German Free School

The second weekend of October saw the 150th anniversary celebration of the German-Texan Heritage Society‘s headquarters. Perched high on a bluff overlooking Waller Creek, the rammed-earth structure was originally a free school, one of the first established in Austin. Added onto in the 1870s, the school included a residence for the teacher and his family. Today, it’s a great place to research local German history and partake of the Society’s frequent parties and language classes.

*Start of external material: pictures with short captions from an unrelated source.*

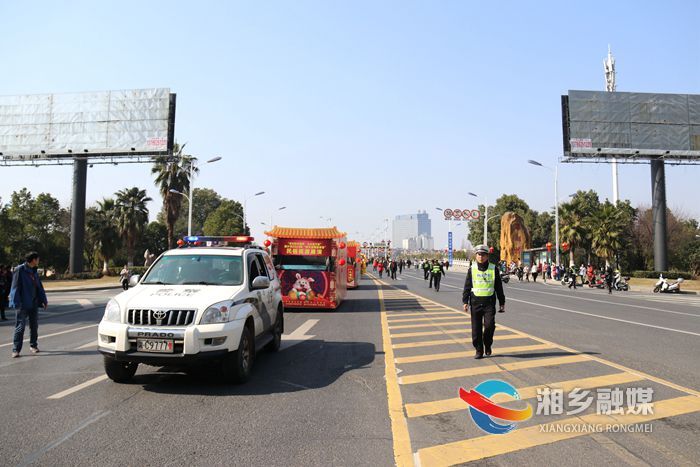 [公安局]百龙百狮闹新春 交警护航保畅通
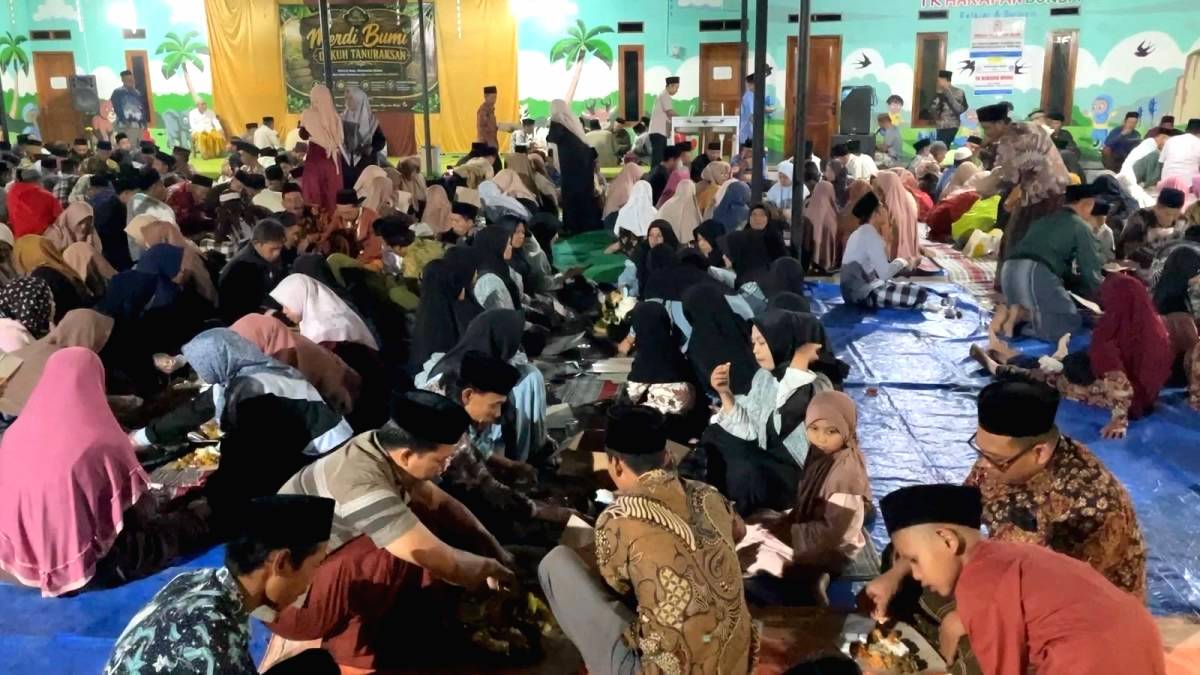 Perdana, Warga Tanuraksan Gelar Tradisi Merdi Bumi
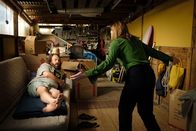 Bump – Dom Chalmers (Angus Sampson, l.); Angie Davis (Claudia Karvan, r.)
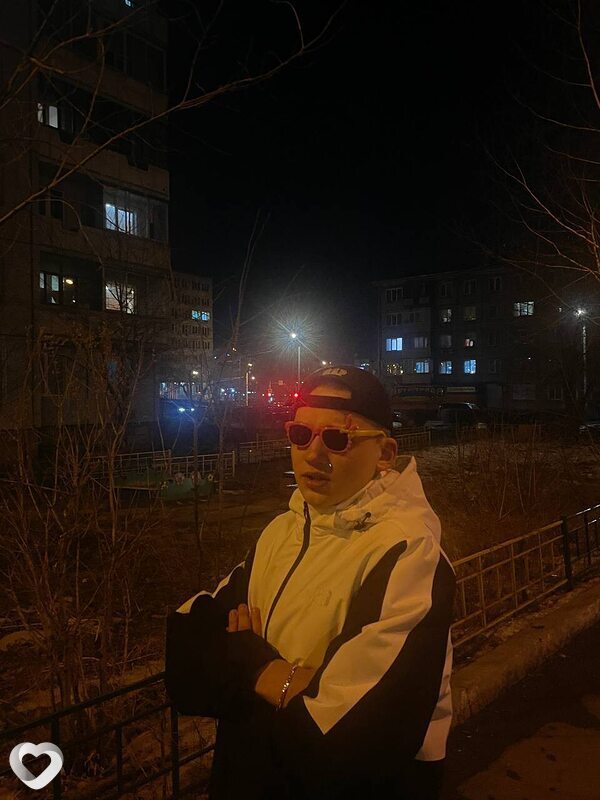 Егор, 19, Красноярске — анкета №2075582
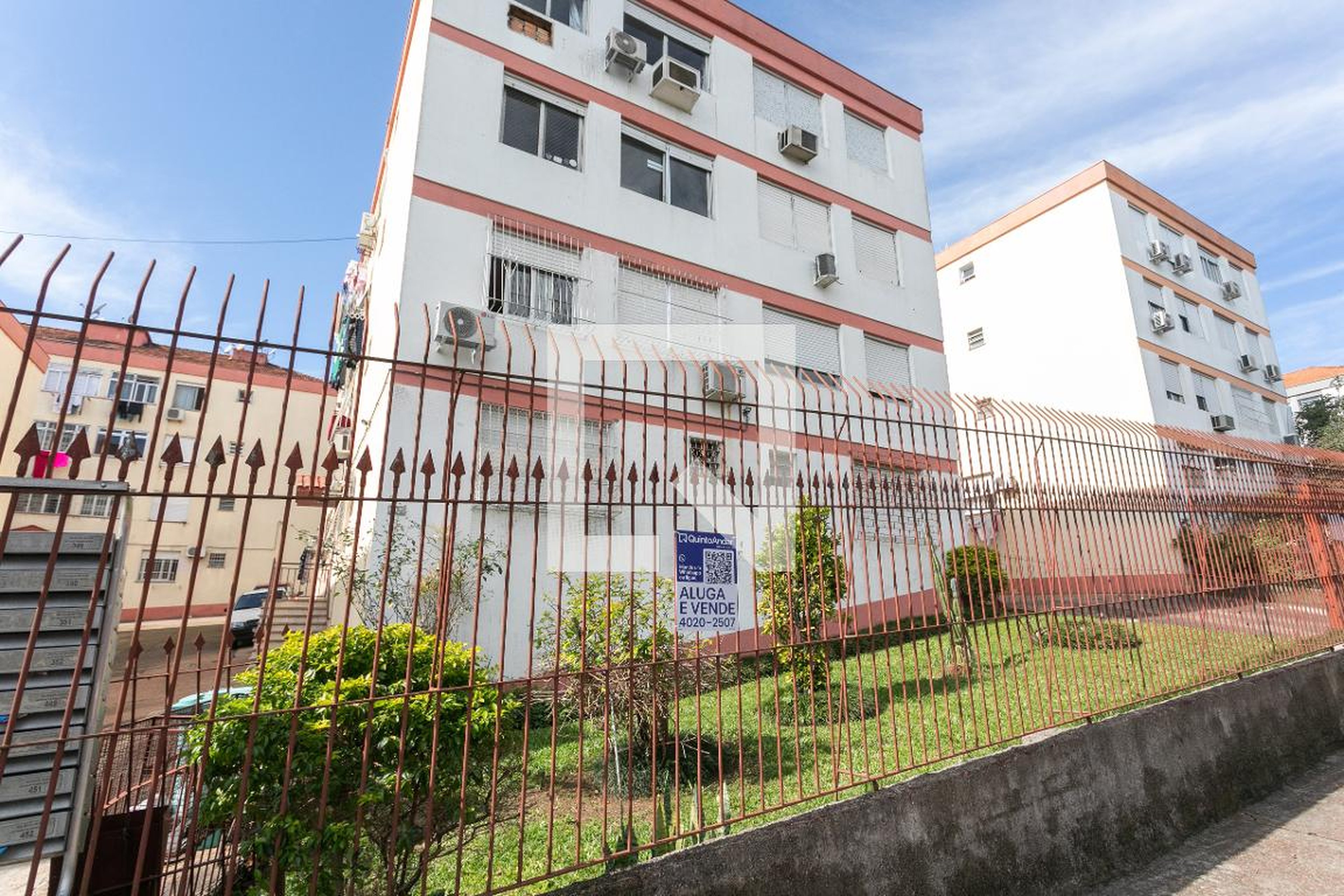 Fachada Condomínio em Rua Sargento Silvio Delmar Hollenbach, 230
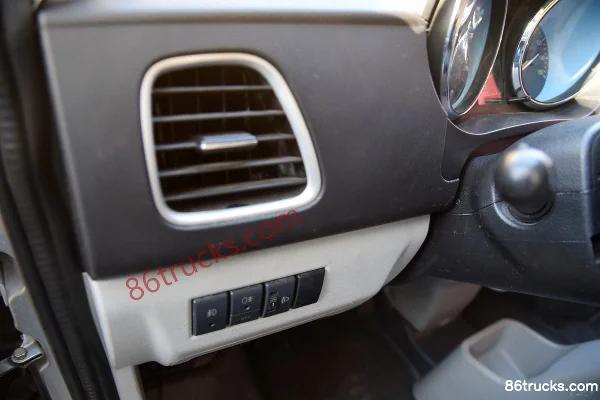 Senyuan SE3 2,51 T 2,41 m camion léger utilitaire électrique pur à cabine simple 4X2(6 roues) Intérieur (2) | 86Trucks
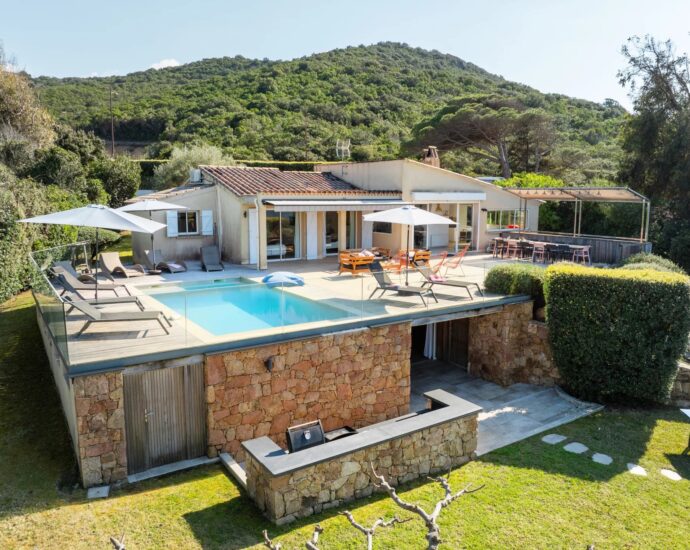 Near Porticcio, Waterfront Villa in Ruppione, 5 Bedrooms, Heated Pool, Stunning Sea Views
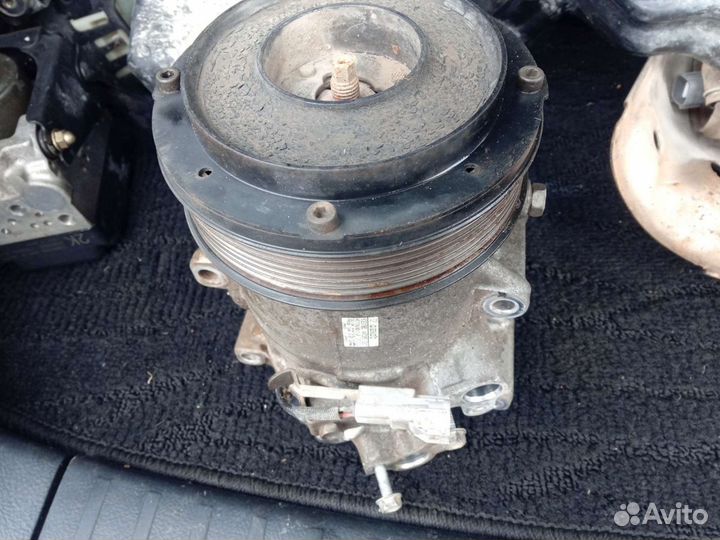 Компрессор кондиционера denso Toyota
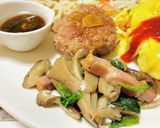 ひき肉でハンバーグメインの今日のご飯作り方4写真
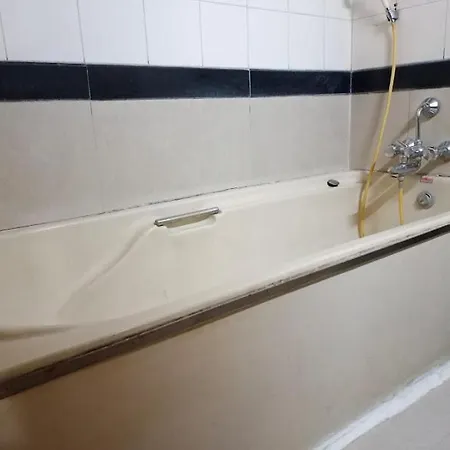 Hotel Yogi Broadway Mumbai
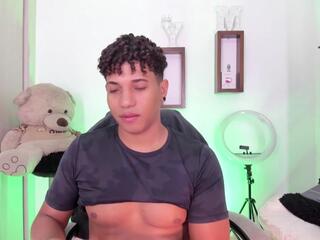Yoxi Martinez webcam flirt4free model stream image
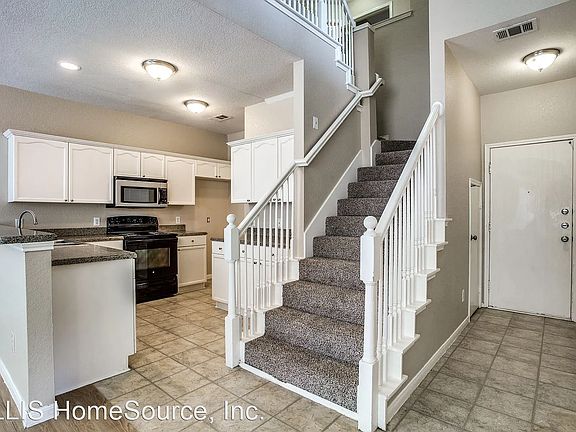 3rd image of 1512 Park Lane Dr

Of German parentage myself, I was commissioned to craft a tour of German Austin for the commemoration. Whereas, the Teutonic influence was felt more strongly in San Antonio and the Hill Country, nonetheless, Austin also benefited quite a bit from German influence and sensibilities. These were evident in the sites our trek visited. First was a drive past the German-American Ladies College and a walk in the Texas State Cemetery. Of high interest there is Elisabet Ney’s sculpture of the fallen general Albert Sidney Johnston. Another off-the-bus stop took us inside Ney’s home and studio, “Formosa,” now a museum dedicated to her fine art. We also viewed Weigl’s Iron Works, the Old Land Office, several other commercial buildings and residences, and, of course, Scholz Garten. A German video crew followed us, preparing a documentary for German TV.

Back at the celebration, the crowd experienced a symbolic tapping of the beer keg, oom-pah-pah music, a kinderchor, folk dancing, and plenty of heffeweitzen und wurst. While I wore no lederhosen, I most certainly enjoyed swilling the suds and speaking Deutsch with many fellow attendees.